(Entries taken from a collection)
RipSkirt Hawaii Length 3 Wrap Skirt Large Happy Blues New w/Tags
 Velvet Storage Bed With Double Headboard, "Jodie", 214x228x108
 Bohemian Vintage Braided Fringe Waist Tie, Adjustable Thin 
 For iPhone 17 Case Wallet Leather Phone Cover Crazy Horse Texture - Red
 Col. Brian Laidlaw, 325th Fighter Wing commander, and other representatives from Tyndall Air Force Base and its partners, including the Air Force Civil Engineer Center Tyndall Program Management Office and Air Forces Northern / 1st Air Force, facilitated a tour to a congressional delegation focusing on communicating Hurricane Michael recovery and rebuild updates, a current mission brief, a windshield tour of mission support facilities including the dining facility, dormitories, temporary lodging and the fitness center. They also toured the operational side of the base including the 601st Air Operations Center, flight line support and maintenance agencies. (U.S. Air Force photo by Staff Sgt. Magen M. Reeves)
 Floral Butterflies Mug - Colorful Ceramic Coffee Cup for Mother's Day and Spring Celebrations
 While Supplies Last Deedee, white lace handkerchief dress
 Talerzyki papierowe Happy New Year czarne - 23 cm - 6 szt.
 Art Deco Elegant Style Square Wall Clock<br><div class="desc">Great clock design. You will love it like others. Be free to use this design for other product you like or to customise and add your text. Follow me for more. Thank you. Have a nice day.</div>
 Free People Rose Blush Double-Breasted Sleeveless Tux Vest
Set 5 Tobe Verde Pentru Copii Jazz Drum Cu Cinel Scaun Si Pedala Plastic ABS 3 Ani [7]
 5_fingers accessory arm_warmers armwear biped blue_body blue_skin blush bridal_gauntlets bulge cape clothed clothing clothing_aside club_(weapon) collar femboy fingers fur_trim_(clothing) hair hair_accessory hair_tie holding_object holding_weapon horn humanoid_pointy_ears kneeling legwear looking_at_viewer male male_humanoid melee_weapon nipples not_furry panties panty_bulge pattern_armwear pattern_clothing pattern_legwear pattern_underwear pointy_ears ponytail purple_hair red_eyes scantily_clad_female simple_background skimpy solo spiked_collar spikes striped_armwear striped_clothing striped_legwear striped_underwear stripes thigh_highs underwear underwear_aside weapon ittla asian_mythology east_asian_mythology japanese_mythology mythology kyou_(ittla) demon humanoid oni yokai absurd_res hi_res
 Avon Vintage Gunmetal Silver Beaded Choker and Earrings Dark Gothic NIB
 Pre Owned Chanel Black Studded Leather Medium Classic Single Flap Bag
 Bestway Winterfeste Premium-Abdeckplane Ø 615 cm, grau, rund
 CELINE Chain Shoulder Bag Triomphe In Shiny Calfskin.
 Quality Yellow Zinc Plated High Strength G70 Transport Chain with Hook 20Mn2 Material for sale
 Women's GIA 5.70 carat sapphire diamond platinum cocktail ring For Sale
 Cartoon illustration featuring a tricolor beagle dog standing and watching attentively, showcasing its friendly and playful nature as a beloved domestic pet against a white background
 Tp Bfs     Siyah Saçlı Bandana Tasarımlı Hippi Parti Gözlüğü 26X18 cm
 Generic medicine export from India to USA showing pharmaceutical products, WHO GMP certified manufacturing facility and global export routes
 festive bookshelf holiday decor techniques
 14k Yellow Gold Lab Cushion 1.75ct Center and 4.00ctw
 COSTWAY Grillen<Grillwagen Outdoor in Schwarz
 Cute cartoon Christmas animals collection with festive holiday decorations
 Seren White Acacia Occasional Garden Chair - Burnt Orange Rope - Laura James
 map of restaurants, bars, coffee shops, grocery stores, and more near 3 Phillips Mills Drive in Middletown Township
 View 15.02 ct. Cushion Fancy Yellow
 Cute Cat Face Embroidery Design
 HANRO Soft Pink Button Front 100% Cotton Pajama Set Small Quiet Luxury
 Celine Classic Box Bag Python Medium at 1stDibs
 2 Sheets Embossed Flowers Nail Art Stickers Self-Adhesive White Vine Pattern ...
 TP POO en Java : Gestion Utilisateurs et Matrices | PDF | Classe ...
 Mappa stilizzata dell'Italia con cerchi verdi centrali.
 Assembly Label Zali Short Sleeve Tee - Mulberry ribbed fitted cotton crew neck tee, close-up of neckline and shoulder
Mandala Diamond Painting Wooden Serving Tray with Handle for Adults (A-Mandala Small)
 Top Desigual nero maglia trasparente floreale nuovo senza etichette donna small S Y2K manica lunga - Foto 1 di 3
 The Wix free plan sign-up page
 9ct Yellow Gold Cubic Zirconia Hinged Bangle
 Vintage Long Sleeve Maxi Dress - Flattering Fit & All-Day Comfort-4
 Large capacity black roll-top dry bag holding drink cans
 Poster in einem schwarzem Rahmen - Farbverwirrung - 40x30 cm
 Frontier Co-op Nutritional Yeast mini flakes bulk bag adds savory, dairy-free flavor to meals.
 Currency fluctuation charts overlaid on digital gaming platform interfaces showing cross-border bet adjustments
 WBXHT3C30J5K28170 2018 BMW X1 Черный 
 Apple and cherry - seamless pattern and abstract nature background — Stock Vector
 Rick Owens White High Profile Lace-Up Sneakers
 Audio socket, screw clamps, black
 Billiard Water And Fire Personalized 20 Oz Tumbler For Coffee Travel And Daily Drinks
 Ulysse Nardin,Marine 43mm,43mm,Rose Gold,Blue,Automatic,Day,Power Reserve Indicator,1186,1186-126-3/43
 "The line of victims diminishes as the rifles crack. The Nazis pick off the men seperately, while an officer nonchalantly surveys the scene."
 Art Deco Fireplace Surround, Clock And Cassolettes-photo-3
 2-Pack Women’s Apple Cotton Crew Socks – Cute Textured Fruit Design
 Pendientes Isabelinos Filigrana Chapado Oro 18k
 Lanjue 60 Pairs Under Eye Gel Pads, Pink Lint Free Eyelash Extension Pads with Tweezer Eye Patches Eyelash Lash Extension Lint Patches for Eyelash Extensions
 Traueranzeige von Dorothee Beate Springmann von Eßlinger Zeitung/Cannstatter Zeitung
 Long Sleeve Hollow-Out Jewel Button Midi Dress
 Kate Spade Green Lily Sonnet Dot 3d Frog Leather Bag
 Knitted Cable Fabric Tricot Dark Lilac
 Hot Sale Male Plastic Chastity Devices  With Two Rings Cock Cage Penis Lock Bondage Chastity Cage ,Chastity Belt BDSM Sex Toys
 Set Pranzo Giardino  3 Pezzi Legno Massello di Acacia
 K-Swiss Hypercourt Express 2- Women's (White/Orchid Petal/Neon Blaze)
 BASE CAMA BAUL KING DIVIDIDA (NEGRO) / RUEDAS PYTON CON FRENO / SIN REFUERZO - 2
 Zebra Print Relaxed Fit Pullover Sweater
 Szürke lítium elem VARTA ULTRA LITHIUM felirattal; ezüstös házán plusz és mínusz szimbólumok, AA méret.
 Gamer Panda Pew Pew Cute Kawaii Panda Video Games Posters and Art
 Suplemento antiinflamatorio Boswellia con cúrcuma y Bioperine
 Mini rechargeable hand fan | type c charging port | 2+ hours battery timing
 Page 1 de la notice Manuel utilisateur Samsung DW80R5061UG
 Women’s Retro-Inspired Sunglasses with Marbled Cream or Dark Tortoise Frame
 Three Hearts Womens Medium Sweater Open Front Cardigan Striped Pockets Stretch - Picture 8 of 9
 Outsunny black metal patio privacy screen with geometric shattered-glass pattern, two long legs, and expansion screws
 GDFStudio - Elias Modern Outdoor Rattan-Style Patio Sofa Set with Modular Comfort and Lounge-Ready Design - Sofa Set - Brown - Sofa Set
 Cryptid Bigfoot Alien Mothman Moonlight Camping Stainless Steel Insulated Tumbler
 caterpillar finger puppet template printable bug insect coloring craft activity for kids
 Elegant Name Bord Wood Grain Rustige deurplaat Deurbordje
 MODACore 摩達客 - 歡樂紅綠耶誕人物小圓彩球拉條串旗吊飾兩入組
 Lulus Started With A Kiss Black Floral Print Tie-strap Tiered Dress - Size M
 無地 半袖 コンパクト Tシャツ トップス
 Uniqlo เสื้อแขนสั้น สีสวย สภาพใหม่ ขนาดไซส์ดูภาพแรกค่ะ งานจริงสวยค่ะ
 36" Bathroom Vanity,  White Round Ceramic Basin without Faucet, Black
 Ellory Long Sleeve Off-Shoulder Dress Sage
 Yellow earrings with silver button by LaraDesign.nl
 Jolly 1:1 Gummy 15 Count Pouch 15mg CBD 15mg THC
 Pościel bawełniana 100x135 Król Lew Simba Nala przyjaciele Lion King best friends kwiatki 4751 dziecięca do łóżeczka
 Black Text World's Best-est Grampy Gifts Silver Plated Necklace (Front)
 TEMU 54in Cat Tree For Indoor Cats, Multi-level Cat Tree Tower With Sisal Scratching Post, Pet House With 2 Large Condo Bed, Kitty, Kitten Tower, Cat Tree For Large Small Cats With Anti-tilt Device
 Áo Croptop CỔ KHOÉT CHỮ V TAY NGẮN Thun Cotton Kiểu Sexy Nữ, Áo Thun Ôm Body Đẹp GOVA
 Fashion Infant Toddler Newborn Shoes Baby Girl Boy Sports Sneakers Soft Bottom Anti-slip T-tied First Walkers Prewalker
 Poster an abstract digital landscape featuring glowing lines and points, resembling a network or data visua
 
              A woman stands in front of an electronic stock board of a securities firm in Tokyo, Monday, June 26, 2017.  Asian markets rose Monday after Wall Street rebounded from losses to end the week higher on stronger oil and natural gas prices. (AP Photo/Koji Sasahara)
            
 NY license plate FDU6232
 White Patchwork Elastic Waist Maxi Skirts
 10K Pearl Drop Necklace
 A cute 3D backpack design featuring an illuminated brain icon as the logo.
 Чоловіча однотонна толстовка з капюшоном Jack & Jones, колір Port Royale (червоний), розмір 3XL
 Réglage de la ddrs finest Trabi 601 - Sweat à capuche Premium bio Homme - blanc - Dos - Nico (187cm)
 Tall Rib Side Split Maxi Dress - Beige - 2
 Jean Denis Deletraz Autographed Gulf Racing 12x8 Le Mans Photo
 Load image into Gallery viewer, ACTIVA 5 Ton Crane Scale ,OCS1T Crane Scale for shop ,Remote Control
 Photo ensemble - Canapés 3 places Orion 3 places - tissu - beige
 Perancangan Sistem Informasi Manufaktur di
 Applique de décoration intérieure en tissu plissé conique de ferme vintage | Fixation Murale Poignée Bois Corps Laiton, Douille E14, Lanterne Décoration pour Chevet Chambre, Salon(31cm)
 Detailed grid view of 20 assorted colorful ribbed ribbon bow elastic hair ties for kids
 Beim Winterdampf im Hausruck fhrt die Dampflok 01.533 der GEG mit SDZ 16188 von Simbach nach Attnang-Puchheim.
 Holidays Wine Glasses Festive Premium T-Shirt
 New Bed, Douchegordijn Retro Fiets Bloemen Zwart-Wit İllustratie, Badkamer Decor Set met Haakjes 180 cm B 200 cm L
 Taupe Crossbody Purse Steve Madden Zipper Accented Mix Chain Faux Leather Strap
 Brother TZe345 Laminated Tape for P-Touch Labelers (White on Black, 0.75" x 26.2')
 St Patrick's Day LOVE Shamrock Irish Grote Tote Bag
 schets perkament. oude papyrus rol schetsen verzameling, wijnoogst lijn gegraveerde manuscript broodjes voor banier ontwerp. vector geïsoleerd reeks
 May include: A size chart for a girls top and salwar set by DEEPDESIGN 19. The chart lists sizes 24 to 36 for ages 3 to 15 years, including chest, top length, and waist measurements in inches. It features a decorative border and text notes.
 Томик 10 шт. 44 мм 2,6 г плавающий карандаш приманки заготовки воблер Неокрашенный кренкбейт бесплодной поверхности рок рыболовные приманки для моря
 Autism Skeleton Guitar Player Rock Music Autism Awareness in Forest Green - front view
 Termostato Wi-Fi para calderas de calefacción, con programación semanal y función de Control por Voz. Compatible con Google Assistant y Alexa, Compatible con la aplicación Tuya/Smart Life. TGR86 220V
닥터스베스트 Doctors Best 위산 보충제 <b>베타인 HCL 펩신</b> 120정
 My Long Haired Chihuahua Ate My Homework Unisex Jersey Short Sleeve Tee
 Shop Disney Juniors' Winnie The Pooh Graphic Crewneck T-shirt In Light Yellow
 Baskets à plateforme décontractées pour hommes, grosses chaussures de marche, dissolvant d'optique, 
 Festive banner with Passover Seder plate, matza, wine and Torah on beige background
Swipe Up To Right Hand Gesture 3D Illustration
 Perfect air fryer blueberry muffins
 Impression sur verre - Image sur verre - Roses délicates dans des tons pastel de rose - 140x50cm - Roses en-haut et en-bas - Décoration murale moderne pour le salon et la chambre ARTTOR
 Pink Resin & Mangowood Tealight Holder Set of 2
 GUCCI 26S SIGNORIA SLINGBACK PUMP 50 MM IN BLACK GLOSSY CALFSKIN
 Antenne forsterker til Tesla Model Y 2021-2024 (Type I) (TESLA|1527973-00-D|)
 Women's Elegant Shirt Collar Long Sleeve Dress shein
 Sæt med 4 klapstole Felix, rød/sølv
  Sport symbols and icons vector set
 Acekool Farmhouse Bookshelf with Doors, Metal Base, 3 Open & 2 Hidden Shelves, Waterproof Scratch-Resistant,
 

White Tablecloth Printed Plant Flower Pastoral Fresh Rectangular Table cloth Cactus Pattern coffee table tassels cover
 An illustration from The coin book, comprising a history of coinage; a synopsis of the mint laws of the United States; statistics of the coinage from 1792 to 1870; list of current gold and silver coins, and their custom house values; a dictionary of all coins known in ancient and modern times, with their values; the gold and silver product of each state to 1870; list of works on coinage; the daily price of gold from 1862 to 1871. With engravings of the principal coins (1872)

### Work instructions
Look above for the line with "Women's GIA 5.70" and the line with "Poster in einem", and reproduce exactly those two lines plus every line between, nothing more.

### Answer for this exercise
 Women's GIA 5.70 carat sapphire diamond platinum cocktail ring For Sale
 Cartoon illustration featuring a tricolor beagle dog standing and watching attentively, showcasing its friendly and playful nature as a beloved domestic pet against a white background
 Tp Bfs     Siyah Saçlı Bandana Tasarımlı Hippi Parti Gözlüğü 26X18 cm
 Generic medicine export from India to USA showing pharmaceutical products, WHO GMP certified manufacturing facility and global export routes
 festive bookshelf holiday decor techniques
 14k Yellow Gold Lab Cushion 1.75ct Center and 4.00ctw
 COSTWAY Grillen<Grillwagen Outdoor in Schwarz
 Cute cartoon Christmas animals collection with festive holiday decorations
 Seren White Acacia Occasional Garden Chair - Burnt Orange Rope - Laura James
 map of restaurants, bars, coffee shops, grocery stores, and more near 3 Phillips Mills Drive in Middletown Township
 View 15.02 ct. Cushion Fancy Yellow
 Cute Cat Face Embroidery Design
 HANRO Soft Pink Button Front 100% Cotton Pajama Set Small Quiet Luxury
 Celine Classic Box Bag Python Medium at 1stDibs
 2 Sheets Embossed Flowers Nail Art Stickers Self-Adhesive White Vine Pattern ...
 TP POO en Java : Gestion Utilisateurs et Matrices | PDF | Classe ...
 Mappa stilizzata dell'Italia con cerchi verdi centrali.
 Assembly Label Zali Short Sleeve Tee - Mulberry ribbed fitted cotton crew neck tee, close-up of neckline and shoulder
Mandala Diamond Painting Wooden Serving Tray with Handle for Adults (A-Mandala Small)
 Top Desigual nero maglia trasparente floreale nuovo senza etichette donna small S Y2K manica lunga - Foto 1 di 3
 The Wix free plan sign-up page
 9ct Yellow Gold Cubic Zirconia Hinged Bangle
 Vintage Long Sleeve Maxi Dress - Flattering Fit & All-Day Comfort-4
 Large capacity black roll-top dry bag holding drink cans
 Poster in einem schwarzem Rahmen - Farbverwirrung - 40x30 cm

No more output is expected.